Early workers already use up GPU memory → late workers still have empty memory → memory difference appears.
**3. SGLang's TP init uses "all-device broadcast", but there's no uniform release timing**
Although ``SGLangRollout`` may only involve subset of GPUs, its ``Engine`` initialization calls ``torch.distributed.init_process_group()`` and broadcasts weights, so:
- Non-rollout GPUs also join the communication.
- Later on, ``DeviceMesh`` init will fail due to "inconsistent memory".
**4. Different FSDP/TP loading behaviors also lead to mismatch**
If using:
.. code-block:: bash
actor.fsdp_config.param_offload=True
ref.fsdp_config.param_offload=True
Then some workers keep params on CPU while others already sharded to GPU → leads to asymmetric memory layout.
Using SGLang as the Inference Backend for PPO Training Across Multiple Machines
------------------------------------------------------------------------------
SGLang also supports running verl's RAY-based cross-machine inference in IPv4 and IPv6 scenarios.
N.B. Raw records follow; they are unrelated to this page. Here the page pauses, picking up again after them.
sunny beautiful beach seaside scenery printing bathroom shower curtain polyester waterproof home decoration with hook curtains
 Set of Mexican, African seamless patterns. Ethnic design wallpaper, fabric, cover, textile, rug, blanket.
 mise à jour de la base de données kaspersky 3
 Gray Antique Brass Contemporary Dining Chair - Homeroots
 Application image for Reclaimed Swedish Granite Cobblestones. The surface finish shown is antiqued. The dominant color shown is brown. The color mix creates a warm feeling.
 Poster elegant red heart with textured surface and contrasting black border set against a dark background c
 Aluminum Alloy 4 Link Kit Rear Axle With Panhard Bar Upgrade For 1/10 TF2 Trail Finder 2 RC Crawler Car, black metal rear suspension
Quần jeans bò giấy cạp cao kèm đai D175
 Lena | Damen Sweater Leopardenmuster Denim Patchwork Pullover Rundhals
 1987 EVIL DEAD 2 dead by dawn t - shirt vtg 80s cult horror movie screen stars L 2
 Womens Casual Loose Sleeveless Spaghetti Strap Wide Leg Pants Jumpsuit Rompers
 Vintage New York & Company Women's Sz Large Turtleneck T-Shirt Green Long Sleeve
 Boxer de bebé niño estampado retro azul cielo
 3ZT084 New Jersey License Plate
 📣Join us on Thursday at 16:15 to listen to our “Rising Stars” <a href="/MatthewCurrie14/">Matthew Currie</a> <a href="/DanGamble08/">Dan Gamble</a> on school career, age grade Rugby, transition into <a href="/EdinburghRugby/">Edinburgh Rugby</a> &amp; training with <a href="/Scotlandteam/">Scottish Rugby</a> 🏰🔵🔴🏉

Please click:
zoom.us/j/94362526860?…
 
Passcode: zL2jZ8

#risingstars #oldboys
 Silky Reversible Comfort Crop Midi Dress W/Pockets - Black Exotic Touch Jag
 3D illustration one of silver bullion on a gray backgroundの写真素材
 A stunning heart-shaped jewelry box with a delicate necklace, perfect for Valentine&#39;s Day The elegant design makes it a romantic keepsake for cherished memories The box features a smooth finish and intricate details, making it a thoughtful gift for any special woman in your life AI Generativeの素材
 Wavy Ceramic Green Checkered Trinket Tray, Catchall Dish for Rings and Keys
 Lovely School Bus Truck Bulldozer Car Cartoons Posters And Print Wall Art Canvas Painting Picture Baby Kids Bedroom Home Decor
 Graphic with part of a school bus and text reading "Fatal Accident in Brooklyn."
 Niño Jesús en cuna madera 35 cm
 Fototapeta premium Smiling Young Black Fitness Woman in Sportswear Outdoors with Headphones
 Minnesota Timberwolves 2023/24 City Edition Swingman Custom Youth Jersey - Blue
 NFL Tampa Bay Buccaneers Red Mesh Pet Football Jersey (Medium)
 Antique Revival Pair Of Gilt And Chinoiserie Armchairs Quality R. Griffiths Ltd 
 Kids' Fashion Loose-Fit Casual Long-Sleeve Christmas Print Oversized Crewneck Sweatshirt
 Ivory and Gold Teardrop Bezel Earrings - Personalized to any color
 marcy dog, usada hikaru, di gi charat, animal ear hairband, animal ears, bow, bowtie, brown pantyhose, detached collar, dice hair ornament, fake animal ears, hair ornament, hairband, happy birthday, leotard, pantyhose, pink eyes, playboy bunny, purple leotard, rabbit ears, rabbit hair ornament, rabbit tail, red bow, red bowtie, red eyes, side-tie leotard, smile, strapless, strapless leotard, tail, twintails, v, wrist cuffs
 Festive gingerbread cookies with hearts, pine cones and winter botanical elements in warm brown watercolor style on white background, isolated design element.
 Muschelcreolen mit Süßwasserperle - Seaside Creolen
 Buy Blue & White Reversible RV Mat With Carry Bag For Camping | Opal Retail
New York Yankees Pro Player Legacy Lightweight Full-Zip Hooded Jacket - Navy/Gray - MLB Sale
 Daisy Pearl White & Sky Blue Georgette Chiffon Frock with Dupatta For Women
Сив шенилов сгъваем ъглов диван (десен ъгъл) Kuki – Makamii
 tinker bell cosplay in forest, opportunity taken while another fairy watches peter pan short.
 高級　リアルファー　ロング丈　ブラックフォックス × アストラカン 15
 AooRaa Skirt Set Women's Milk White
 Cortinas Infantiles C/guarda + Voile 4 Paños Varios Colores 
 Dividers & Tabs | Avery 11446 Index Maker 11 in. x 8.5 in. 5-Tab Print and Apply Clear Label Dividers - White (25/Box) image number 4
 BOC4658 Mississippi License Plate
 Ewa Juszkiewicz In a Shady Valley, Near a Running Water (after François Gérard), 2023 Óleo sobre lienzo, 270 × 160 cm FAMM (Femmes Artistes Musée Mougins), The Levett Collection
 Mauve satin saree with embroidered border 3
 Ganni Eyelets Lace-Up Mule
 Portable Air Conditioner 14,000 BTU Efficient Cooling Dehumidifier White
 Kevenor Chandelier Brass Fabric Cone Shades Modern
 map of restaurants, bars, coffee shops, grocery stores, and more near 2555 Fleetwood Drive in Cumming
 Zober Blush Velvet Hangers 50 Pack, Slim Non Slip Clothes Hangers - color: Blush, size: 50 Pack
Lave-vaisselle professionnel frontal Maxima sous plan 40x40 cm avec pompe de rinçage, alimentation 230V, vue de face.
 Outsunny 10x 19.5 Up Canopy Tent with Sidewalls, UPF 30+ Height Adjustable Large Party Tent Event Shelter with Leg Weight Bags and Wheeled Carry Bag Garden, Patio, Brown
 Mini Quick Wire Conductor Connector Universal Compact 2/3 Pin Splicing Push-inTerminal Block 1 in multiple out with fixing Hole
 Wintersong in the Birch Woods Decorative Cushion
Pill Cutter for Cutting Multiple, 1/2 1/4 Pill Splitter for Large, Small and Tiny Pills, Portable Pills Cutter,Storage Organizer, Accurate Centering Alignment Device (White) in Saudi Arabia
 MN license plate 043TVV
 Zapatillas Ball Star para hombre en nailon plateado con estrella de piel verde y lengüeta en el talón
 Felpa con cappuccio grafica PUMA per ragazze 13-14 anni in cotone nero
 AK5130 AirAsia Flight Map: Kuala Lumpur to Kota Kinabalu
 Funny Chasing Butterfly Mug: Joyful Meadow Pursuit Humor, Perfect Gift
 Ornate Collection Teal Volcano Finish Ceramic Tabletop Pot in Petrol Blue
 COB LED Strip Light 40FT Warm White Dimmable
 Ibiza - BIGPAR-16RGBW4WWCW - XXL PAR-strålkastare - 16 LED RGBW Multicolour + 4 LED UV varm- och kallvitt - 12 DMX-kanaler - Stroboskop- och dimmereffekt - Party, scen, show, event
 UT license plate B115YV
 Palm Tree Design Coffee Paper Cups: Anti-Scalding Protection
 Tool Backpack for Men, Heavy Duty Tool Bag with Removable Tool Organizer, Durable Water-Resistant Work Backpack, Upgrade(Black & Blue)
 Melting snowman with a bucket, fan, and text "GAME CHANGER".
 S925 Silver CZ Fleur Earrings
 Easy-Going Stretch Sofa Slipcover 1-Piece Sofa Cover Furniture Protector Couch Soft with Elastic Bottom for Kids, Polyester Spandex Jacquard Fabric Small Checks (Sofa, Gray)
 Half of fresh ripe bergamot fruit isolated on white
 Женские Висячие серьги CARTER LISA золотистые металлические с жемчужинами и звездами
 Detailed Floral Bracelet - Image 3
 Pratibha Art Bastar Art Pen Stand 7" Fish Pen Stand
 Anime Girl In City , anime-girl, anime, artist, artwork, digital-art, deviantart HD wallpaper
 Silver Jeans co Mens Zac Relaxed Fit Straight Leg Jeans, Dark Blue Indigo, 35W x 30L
In the script below, we use TP=16 for cross-machine inference. Suppose we have two interconnected machines: node0 with IP 10.94.16.4 and node1 with IP 10.94.16.5.
1. Start Ray on node0:
.. code-block:: bash
ray start --head --dashboard-host=0.0.0.0
You will see the following prompt:
.. code-block:: bash
Usage stats collection is enabled. To disable this, add `--disable-usage-stats` to the command that starts the cluster, or run the following command: `ray disable-usage-stats` before starting the cluster. See https://docs.ray.io/en/master/cluster/usage-stats.html for more details.
Local node IP: 10.94.16.4
--------------------
Ray runtime started.
--------------------
Next steps
To add another node to this Ray cluster, run
ray start --address='10.94.16.4:6379'
2. Have node1 join the Ray cluster:
Run the following command on node1:
.. code-block:: bash
ray start --address='10.94.16.4:6379'
Run the following command to confirm that the Ray cluster now has two nodes:
.. code-block:: bash
ray status
You can see that the cluster has two nodes with 16 GPUs:
.. code-block:: bash
======== Autoscaler status: 2025-04-09 09:25:37.694016 ========
Node status
---------------------------------------------------------------
Active:
1 node_ef382ffd687d8f6b060c1b68e63ada7341b936fe5b1901dd04de1027
1 node_1eb4d7d07e793114c23a89d1a41f1f76acf6ef5b35af844a4ee8e4ba
Pending:
(no pending nodes)
Recent failures:
(no failures)
Resources
---------------------------------------------------------------
Usage:
0.0/360.0 CPU
0.0/16.0 GPU
0B/3.39TiB memory
0B/372.53GiB object_store_memory
3. Run the following script to train meta-llama/Llama-3.1-8B-Instruct with TP=16 across 2 machines using 16 GPUs:
.. code-block:: bash
DATA_DIR=$HOME/data/gsm8k
python3 -m verl.trainer.main_ppo \
actor_rollout_ref.rollout.name=sglang \
data.train_files=$DATA_DIR/train.parquet \
data.val_files=$DATA_DIR/test.parquet \
data.train_batch_size=4096 \
data.max_prompt_length=4096 \
data.max_response_length=4096 \
actor_rollout_ref.model.path=meta-llama/Llama-3.1-8B-Instruct \
actor_rollout_ref.actor.optim.lr=1e-6 \
actor_rollout_ref.model.use_remove_padding=True \
actor_rollout_ref.actor.ppo_mini_batch_size=64 \
actor_rollout_ref.actor.ppo_micro_batch_size_per_gpu=16 \
actor_rollout_ref.model.enable_gradient_checkpointing=True \
actor_rollout_ref.actor.fsdp_config.param_offload=True \
actor_rollout_ref.actor.fsdp_config.optimizer_offload=True \
actor_rollout_ref.rollout.log_prob_micro_batch_size_per_gpu=16 \
actor_rollout_ref.rollout.tensor_model_parallel_size=16 \
actor_rollout_ref.rollout.gpu_memory_utilization=0.8 \
actor_rollout_ref.rollout.free_cache_engine=True \
actor_rollout_ref.ref.log_prob_micro_batch_size=16 \
actor_rollout_ref.ref.fsdp_config.param_offload=True \
critic.optim.lr=1e-5 \
critic.model.use_remove_padding=True \
critic.model.path=meta-llama/Llama-3.1-8B-Instruct \
critic.model.enable_gradient_checkpointing=True \
critic.ppo_micro_batch_size=16 \
critic.model.fsdp_config.param_offload=True \
critic.model.fsdp_config.optimizer_offload=True \
algorithm.kl_ctrl.kl_coef=0.001 \
trainer.critic_warmup=0 \
trainer.logger=['console'] \
trainer.val_before_train=True \
trainer.default_hdfs_dir=null \
trainer.n_gpus_per_node=8 \
trainer.nnodes=2 \
trainer.save_freq=-1 \
trainer.test_freq=10 \
trainer.total_epochs=15 2>&1 | tee verl_demo.log